Lots of numbers.  Bottom line is if the Fed does what it says it's going to do buyers will lose about 15-20% of their buying power in the next 9 months, or closer to 25-30% of their buying power  in the last 18 months.  (not accounting for price increases)

In my opinion this can certainly slow the market, slow price appreciation, but probably do nothing to solve the inventory problem in the short term.  I've beaten the subject of people being stuck in their houses due to having low payments to death.  This will be even more true if rates go up further, people will be even more stuck, and even more reluctant to sell.  So while demand may drop due to people being priced out, supply will likely stay low, and people will still need a place to live.  How does this play out long term?  Apparently today 1/3 of American adults live with their parents.  Maybe we get generational housing out of this?  I don't know.

But here is why I think the Fed is full of shit.  You may recall in 2019 in August I was like code red, the yield curve is inverting, chicken little realty was in full effect calling for some kind of major crisis based solely on the actions of the debt market.  Bang.  We all know how early 2020 went and onward.

So now, the yield curve is already partially inverted.  I usually refer to the difference between the 10 year yield and the 2 year yield on US treasuries.  Right now that difference is a positive .18%.  The trend on this looks like this numberpicture.

So this in itself is still right side up but sections of the curve have flipped.  For example yields on 3 year, 5 year and 7 year treasury notes exceed the yield on the 10.  The yield on 20 year notes is higher than on the 30.  This shows doubt about the short term prospects of an economy and generally signals a recession.

We are also running a massive federal budget deficit.  The government is insolvent and needs to borrow money from the Central Bank to operate.  The deficit spending is by definition inflationary.

So now imagine this.  Some bullshit that we're not expecting today happens abruptly.  It causes a panic in the markets.  Short term liquidity starts to dry up and the interest rates shoot up naturally, rather than being pushed by the Fed.  And we're suddenly staring at the same crisis as 2020, a worse crisis than 2008 and it's bad.  How do you think the Fed will deal with this?  Do you allow the United States to default on it's 30 plus Trillion in debt, shut down the government and allow for complete chaos?
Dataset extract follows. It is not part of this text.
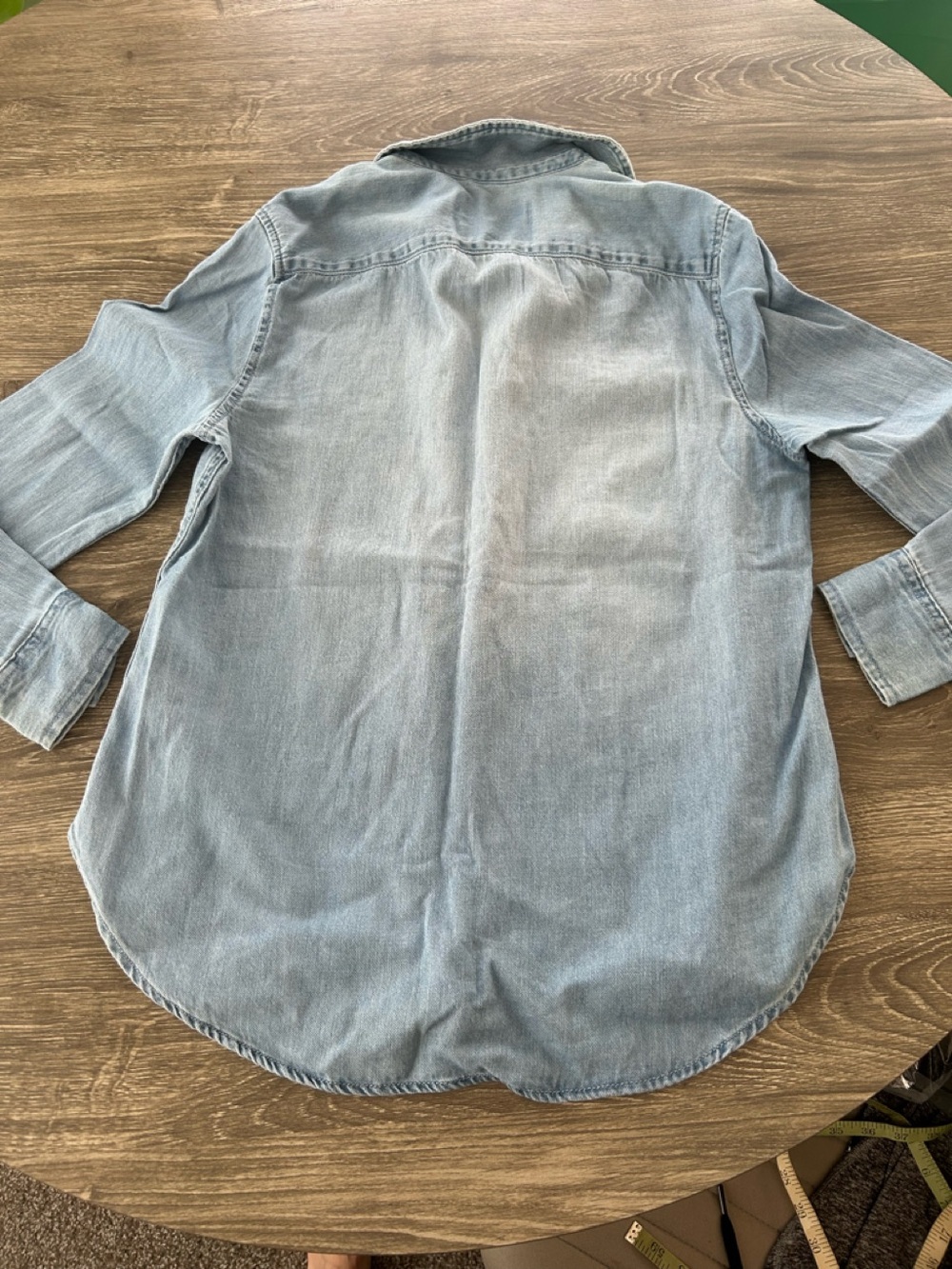 LOLA RIVER Denim Top. Size XS - Picture 6 of 6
Or do you print more money to fund the shitshow and lower rates back down to prop up the house of cards you've been building for decades?

I'm going with option 2.  I'm going with spend today's dollars on assets that pay you tomorrow's dollars and next year's dollars and so on.  I'm going long on real estate, as I have been because real estate is Real and Fiat money is not.  If i'm wrong at least I'll have a place to live.